= Lona Warren =

Argentine jazz singer, journalist and composer

Lona Warren (17 December 1922 - 21 July 2007) was an Argentine jazz and blues singer, journalist and composer.

==Early life==
Dafne Elba Elvira Roca, better known by her stage name Lona Warren, was born in Buenos Aires, Argentina, on 17 December 1922. Her mother's family owned the "El Central" hotel in the city of Villa Gobernador Gálvez, Santa Fe province. The hotel was later run, unsuccessfully, by her father. Warren attended an English language school from the age of three. Her mother died in 1935. Warren continued to live with her father although spent around a year with a family in Rosario. At the age of 14, through listening to recordings, she realised that she liked jazz. Some time later, she travelled to Buenos Aires with her father to stay with an aunt and cousin, Orlando, a young fan of jazz music. Father and daughter stayed in Buenos Aires and her education continued, first at Pensionado de las Madres Franciscanas and then at the Domingo Faustino Sarmiento teacher training college. Warren completed her training as an English teacher at Codwell Academy around the age of 20 and could then be employed in this profession. She was proficient in French, Portuguese and Italian as well as English.

==Career==
While at the Codwell Academy, she met Raúl Sánchez Reynoso, the director of the Santa Paula Serenaders orchestra, who hired her as a singer. Her first appearance was 15 November 1942 and she was an immediate success.

She adopted a stage name at Sánchez Reynoso's suggestion and chose Lona Warren. Multiple accounts tell of why she selected this name. She has said she chose 'Lona' from the writer Lona O'Day but also that the name was inspired by her cousin, boxer Amílcar Brusa, saying that canvas (lona in Spanish) was the characteristic feature of boxing. She said that the surname Warren was inspired by the partnership of composers and lyricists Harry Warren and Mack Gordon. During her career, she was given the pseudonym "Lady Crooner".

By 1943, she had performed with Joe Ríspoli in Cuatro Reyes y una Reina, Don Dean and appeared on Radio Belgrano with big band leader Raúl Marengo. In 1946 she joined the third formation of the Cotton Pickers band. She then worked for three years with Eduardo Ferri and then as a soloist at the Violin Bar, a Hungarian venue directed by the violinist Sandor. Between 1946 and 1947 she sang with Héctor Lomuto's orchestra.

In 1946, Cotton Pickers 2 was re-formed under Ahmed Ratip, with whom she performed and recorded until 1950. From 1947 until the 1950s, she made about fifteen records with them.

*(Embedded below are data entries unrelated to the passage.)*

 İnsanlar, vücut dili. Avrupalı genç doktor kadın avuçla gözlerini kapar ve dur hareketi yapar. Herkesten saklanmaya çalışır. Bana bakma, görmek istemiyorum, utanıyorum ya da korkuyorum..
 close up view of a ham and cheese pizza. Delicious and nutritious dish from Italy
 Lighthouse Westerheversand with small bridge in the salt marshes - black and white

In 1950 she appeared on the programme Radio The World with music conducted by Pierre Maffeu. In 1951, she appeared as a soloist on an RCA Victor recording with an orchestra led by Vieri Fidanzini where she sang Hombre al que amo. She also appeared on the cover of Radio Film magazine. In 1951 she joined the roster of soloists on Radio Belgrano, performing with house orchestras led by Raúl Bianchi and Dante Amicarelli.

After returning from a successful tour of Brazil, she retired from performance. After her performance career from 1952 onwards, Warren became a professional journalist, which combined better with her family life. Her reports were mainly on jazz music, and were on the radio as well. She wrote a column for Jazz Magazine called, "They're things from ... Lona Warren." She interviewed Nat King Cole and, for a photo, dressed him as a gaucho and made him drink maté. She also interviewed Ella Fitzgerald. In 1944 she began the Rhythm Cocktail show featuring jazz on Radio Libertad. She hosted a second programme on the same station El show de Lona Warren featuring popular jazz musicians and groups as guests.

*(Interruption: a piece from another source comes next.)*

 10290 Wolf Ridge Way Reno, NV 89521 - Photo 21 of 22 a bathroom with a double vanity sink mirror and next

She also composed music and lyrics for at least 55 works, either alone or with others including Ray Nolan, José Finkel, Juan Carlos Bera, Inés M. Fernández, Largo Novarro, Chico Novarro, Mito García, Ahmet Ratip, Mario Luis Giménez and Tito Adam. Some of her compositions were recorded by others, such as Abuelita that the singer Elder Barber included in one of her albums released by the Odeón label in Spain in 1958.

In 1973 she returned to performance, appearing at the General San Martín Cultural Center and on television. In 1980 she sang in the show Melodies of Hollywood at the Café Tortoni in Buenos Aires as part of a tribute to Gordon Stretton. Warren continued singing, especially in musical comedies until 22 April 1986. She appeared on the program Los Miedos on Channel 9 in 1982.

She died in Buenos Aires on the 21st of July, 2007.